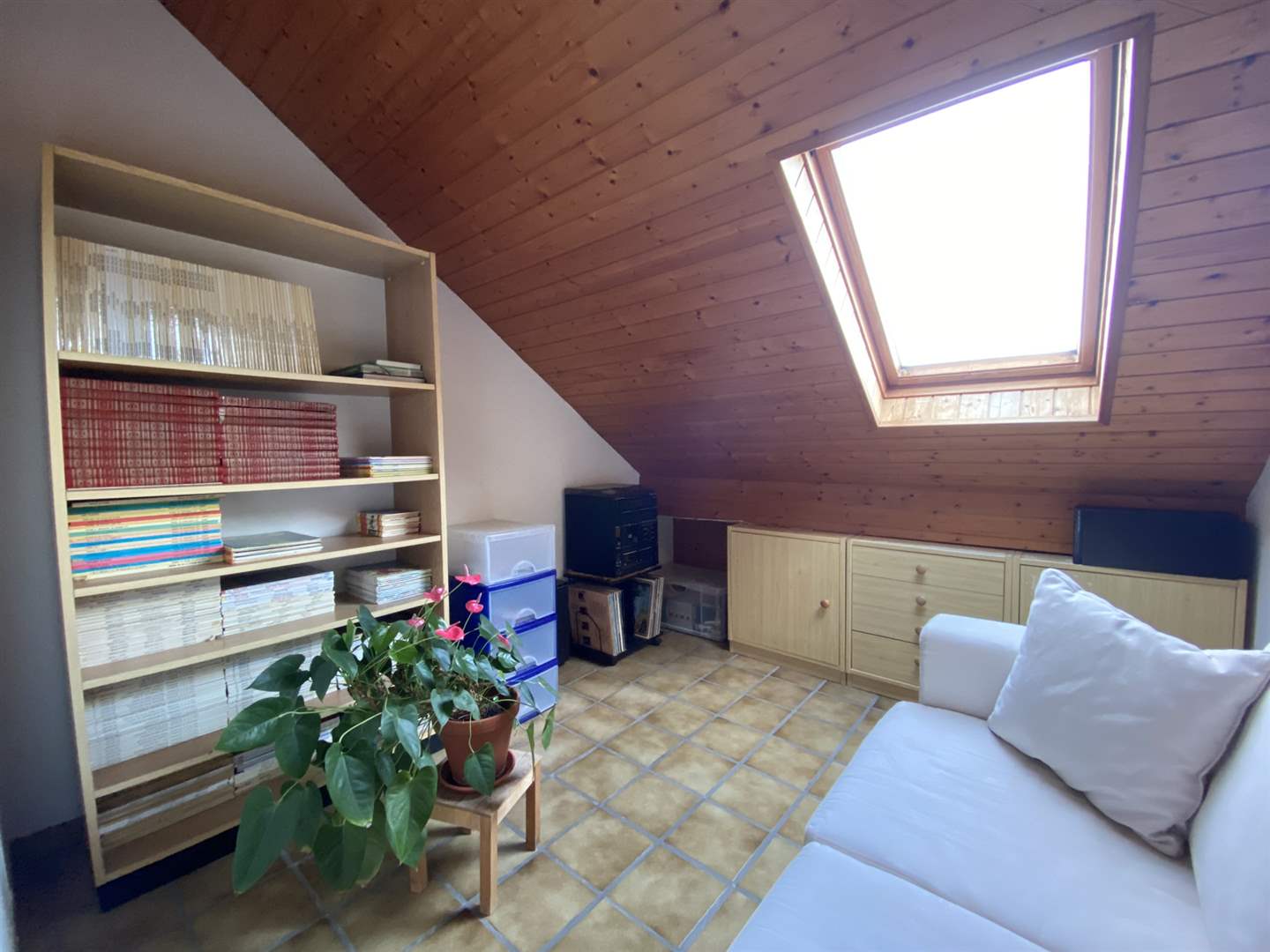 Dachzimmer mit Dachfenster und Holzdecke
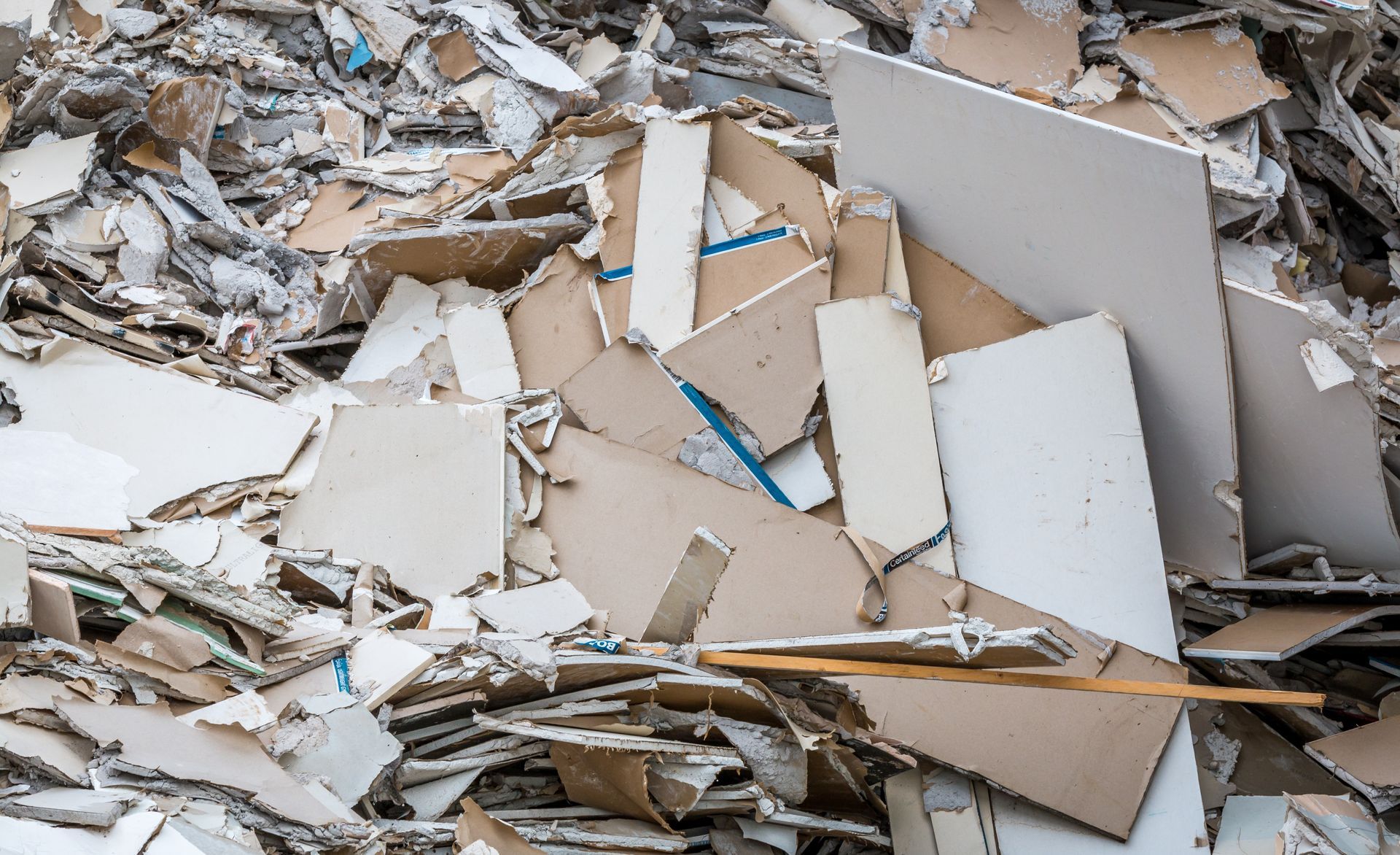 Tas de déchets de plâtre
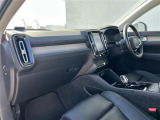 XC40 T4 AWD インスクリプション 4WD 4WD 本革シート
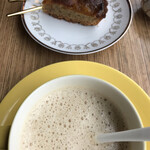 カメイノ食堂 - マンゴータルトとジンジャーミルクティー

### Directions
Word for word, restate each line above, minus its pictures.

### Task result
 Dachzimmer mit Dachfenster und Holzdecke
 Tas de déchets de plâtre
 XC40 T4 AWD インスクリプション 4WD 4WD 本革シート
 カメイノ食堂 - マンゴータルトとジンジャーミルクティー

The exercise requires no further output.